The Nostalgic Origins Of The First Ever Ice Cream Truck Jingle

There are certain aspects of the classic ice cream truck, and the experience of buying a prepackaged frozen treat or piled-high cone, that it's impossible to imagine the whole scenario without them. There's that poster displaying the ice cream treats on offer, a driver dressed in garments as white as the truck itself, and amplified music box-type music. The songs played by an approaching ice cream truck are always a familiar and wordless tune, likely something straight out of the 1800s vaudeville or minstrel show circuit, like "The Entertainer," "Camptown Races," "Oh! Susanna," or "Turkey in the Straw" (or its even jauntier cousin, "Do Your Ears Hang Low?")

Like everything else that feels like it's been around forever, ice cream truck music had to start somewhere, and it all goes back to the idea of one guy with one truck. Historians have traced the idea of vehicles selling ice cream while cranking out kid-friendly music — one of the earliest examples of an advertising jingle — back to one ambitious treat vendor.

Before they played music, ice cream truck drivers rang bells

The ice cream truck emerged after its pioneering practitioner invented the chocolate-covered ice cream bar — the Good Humor bar, according to Good Humor. In 1920, in Youngstown, Ohio, candy maker Harry Burt came up with a chocolate that would solidify around ice cream, and he formed it into bars on sticks upon the suggestion of his son, per Good Humor. Burt named it the Good Humor bar, bought a dozen trucks, installed freezers, and sent out drivers to move about town and sell ice cream as a mobile operation. 

That brought modern technology to the ice cream sales game, instantly transforming the industry, according to Smithsonian Magazine. Up to that point, mobile ice cream sellers pushed around wooden carts full of ice cream confections. To draw attention, Burt had his drivers ring sleigh bells, a concept with which no one was familiar. He got the idea from the sleigh bells he saw on his son's sled. The whole operation — including announcing the presence of an ice cream vendor with the warm sound of nostalgia-invoking bells — worked out quite well. By the 1930s, franchisees operated Good Humor trucks around the U.S. and were selling millions of bars each year, per Smithsonian Magazine. 

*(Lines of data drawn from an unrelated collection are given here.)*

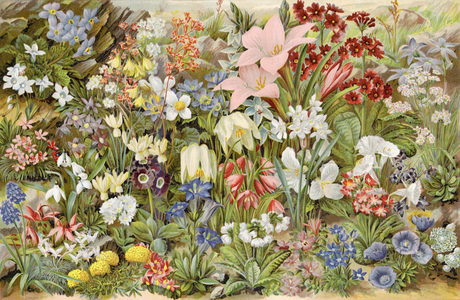 The Boys Own Alpine Garden, or Rockery Plants and How to Grow Them (chromolitho)
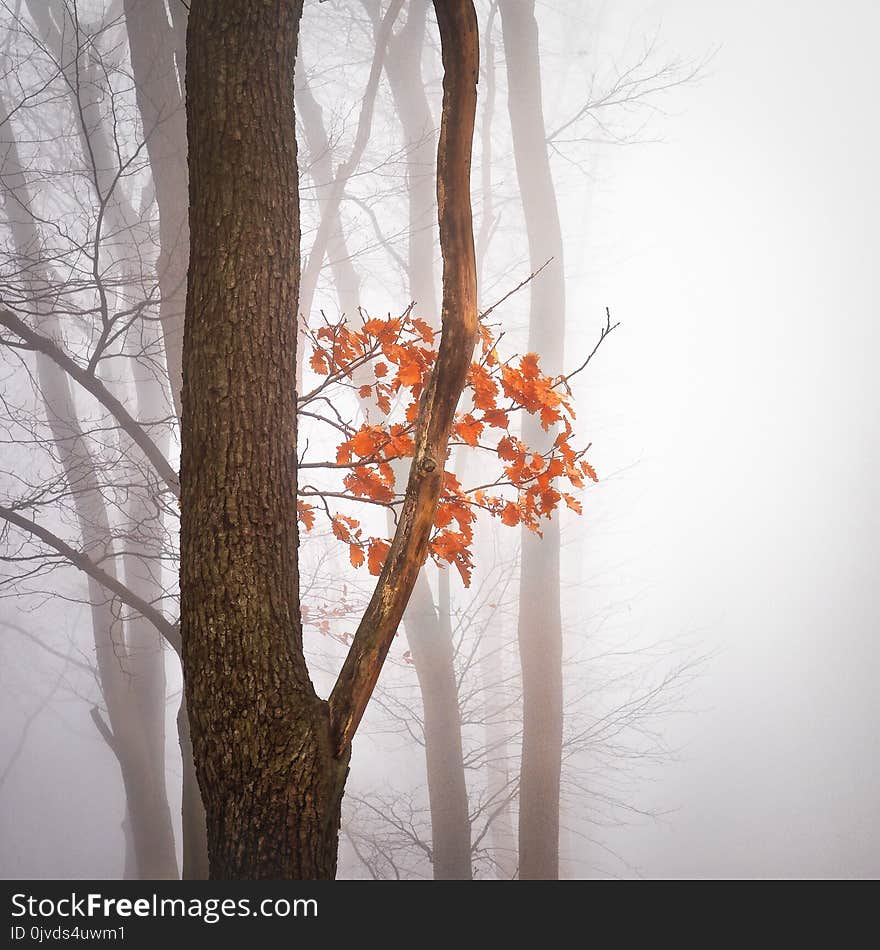 Tree, Branch, Woody Plant, Leaf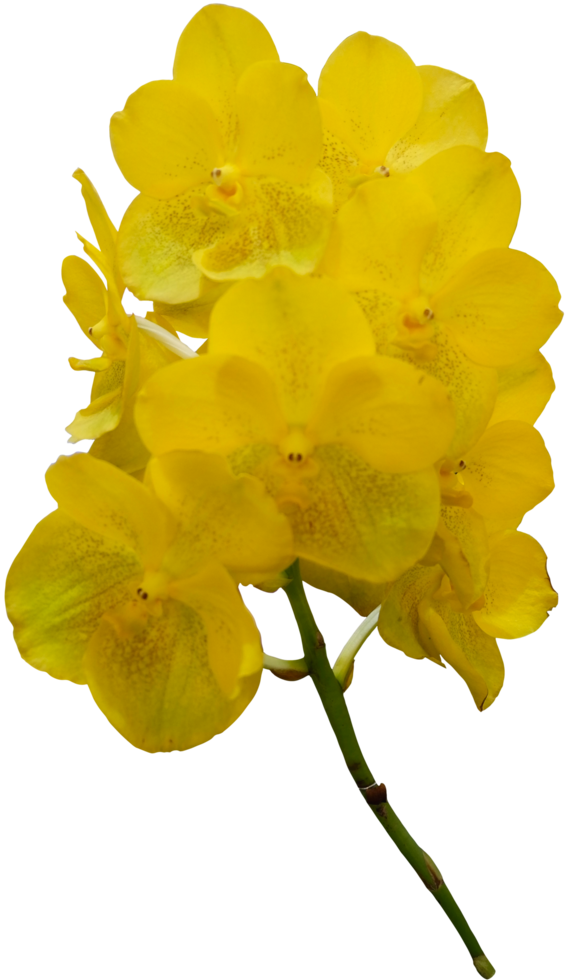 cerrar hermosa flor de orquídea cortada png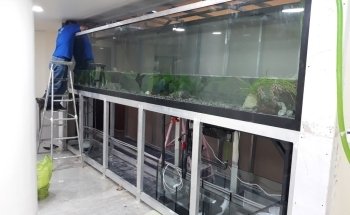 Water Wonders Aquarium L.L.C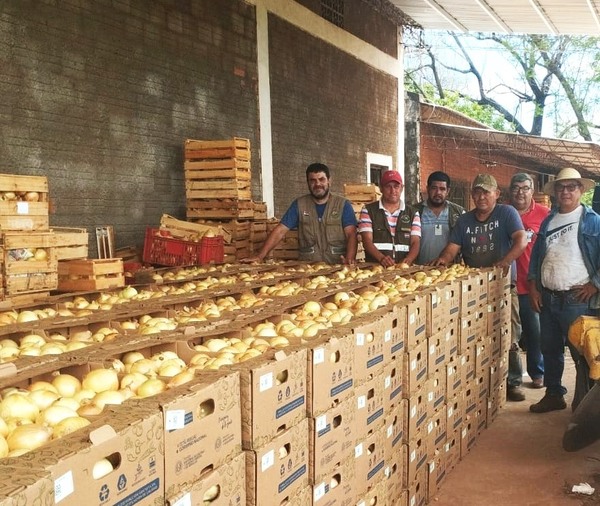 SENAVE CERTIFICÓ PRODUCCIÓN DE CEBOLLA DEL SEÑOR CIRILO ACUÑA EN LA COLMENA
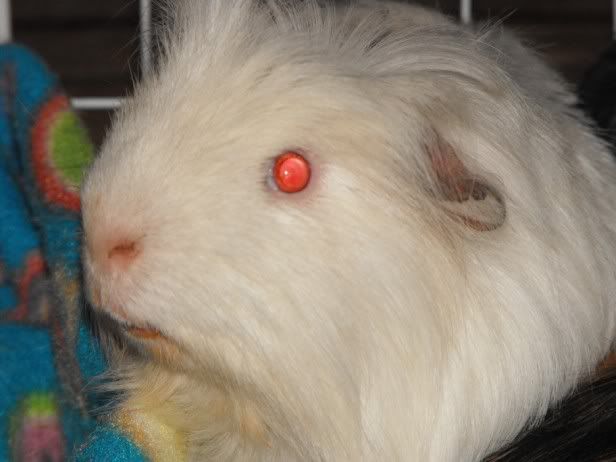 DSCF7227.jpg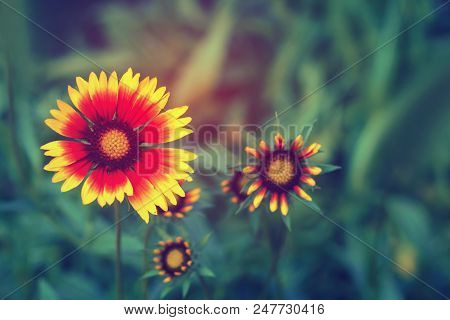 Beautiful Bright  Flower Rudbeckia On  Blooming Green Meadow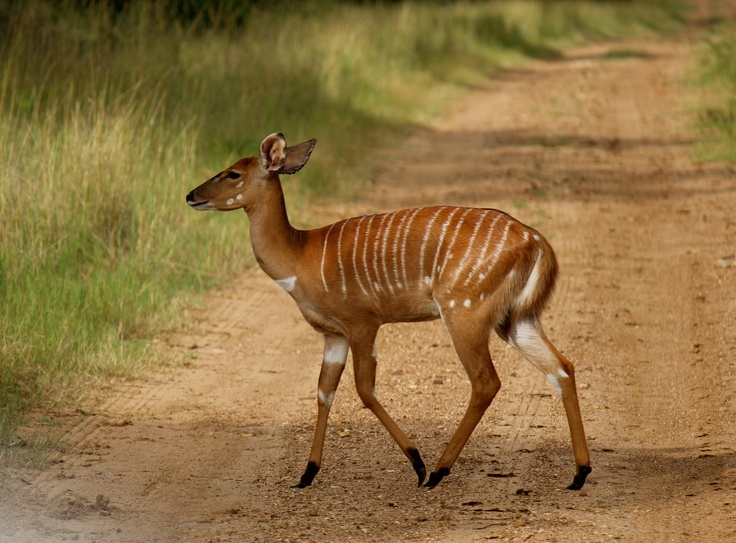 a small deer walking down a dirt road next to tall grass and trees on either side of the road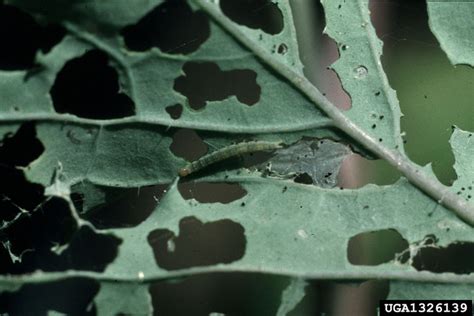 Diamondback moth | WikiGardener | FANDOM powered by Wikia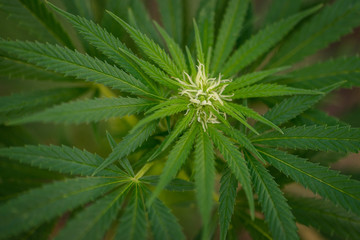 Naklejka na ściany i meble Close-up view of cannabis marijuana plant. Shallow depth of field with selective focus.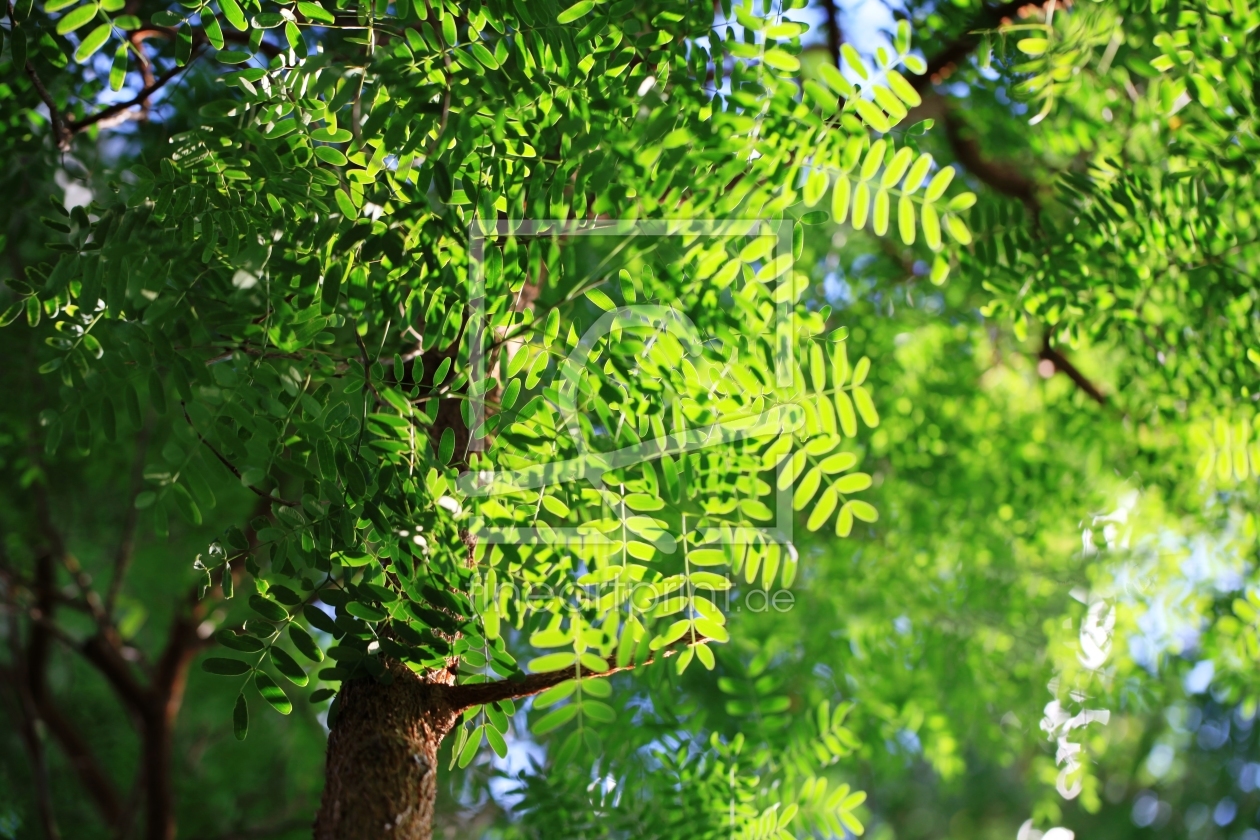 Bild-Nr.: 10837309 Green Magic erstellt von Renate Knapp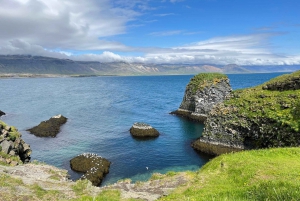 Z Reykjaviku: Całodniowa wycieczka Snæfellsnes z domowym posiłkiem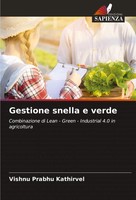 Gestione Snella E Verde Vishnu Prabhu Kathirvel Taschenbuch Italienisch 2022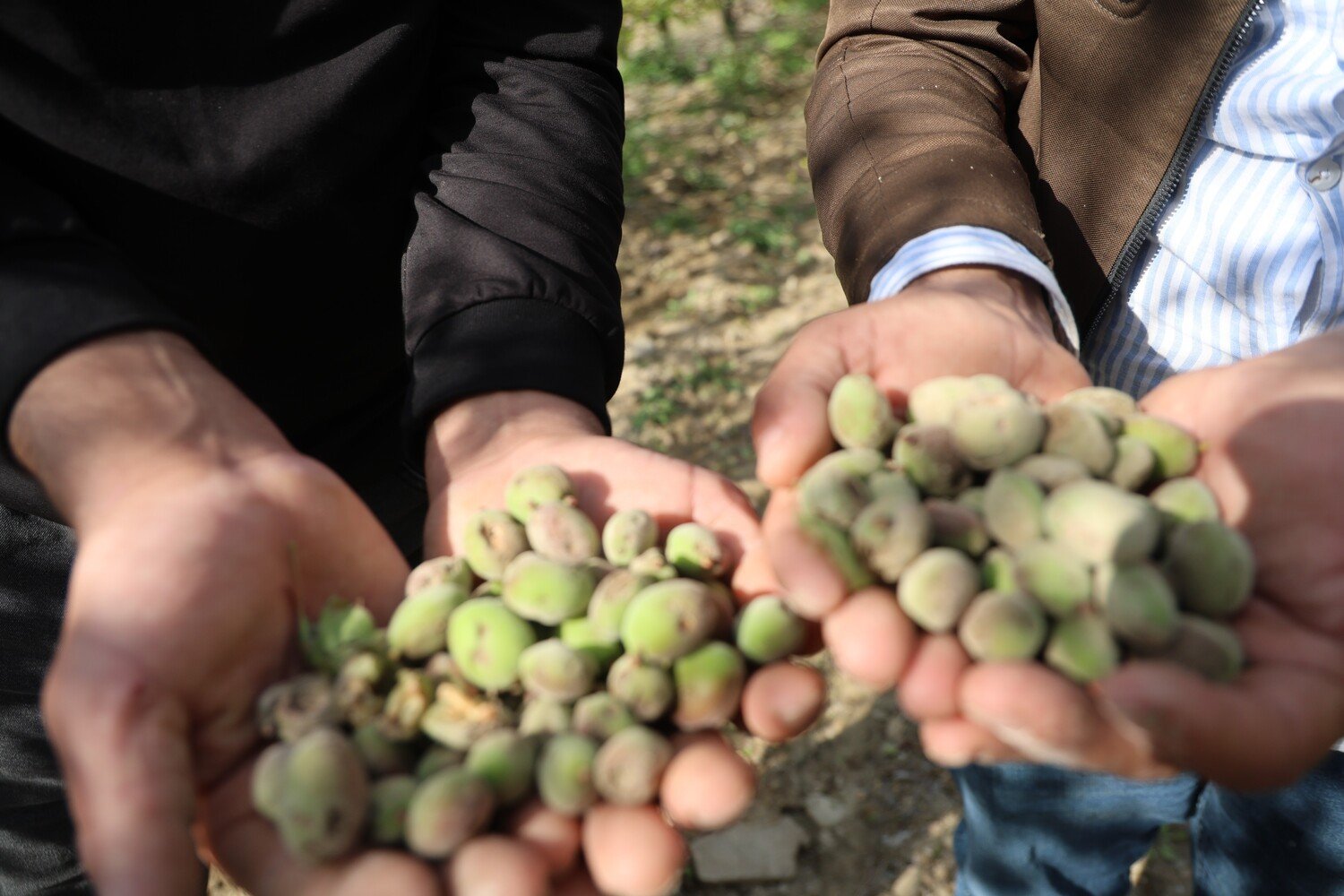 Dolu, kayısı bahçelerini vurdu, çağlalar yere döküldü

The first ice cream song is based on an old Czech tune

Sleighbells became standard operating procedure for Good Humor trucks until 1929, when, according to Smithsonian Magazine, Los Angeles-based Good Humor franchisee Paul Hawkins decided to ditch the bells in favor of amplified, pre-recorded music. With the reasonable assistance of organ builder Louis Bacigalupi, Hawkins installed a mechanized music box in his ice cream truck, near the engine, which repeatedly played a nine-second instrumental snippet of "Stodola Pumpa," a Czech folk song, per Smithsonian. Rather than having to ring bells whenever he or a driver stopped, Hawkins could just let the tune play all day, and let it announce his eventual arrival at every stop along the route. The automated music box, playing a folk song all the time, would become a tool of virtually all ice cream truck operators, both for Good Humor and its competitors. 

The song later was often performed at children's summer camps and YWCA events, per Smithsonian. "Stodola Pumpa" further embedded itself in California culture, with The Beach Boys using it as the basis for the 1963 song, "The Rocking Surfer."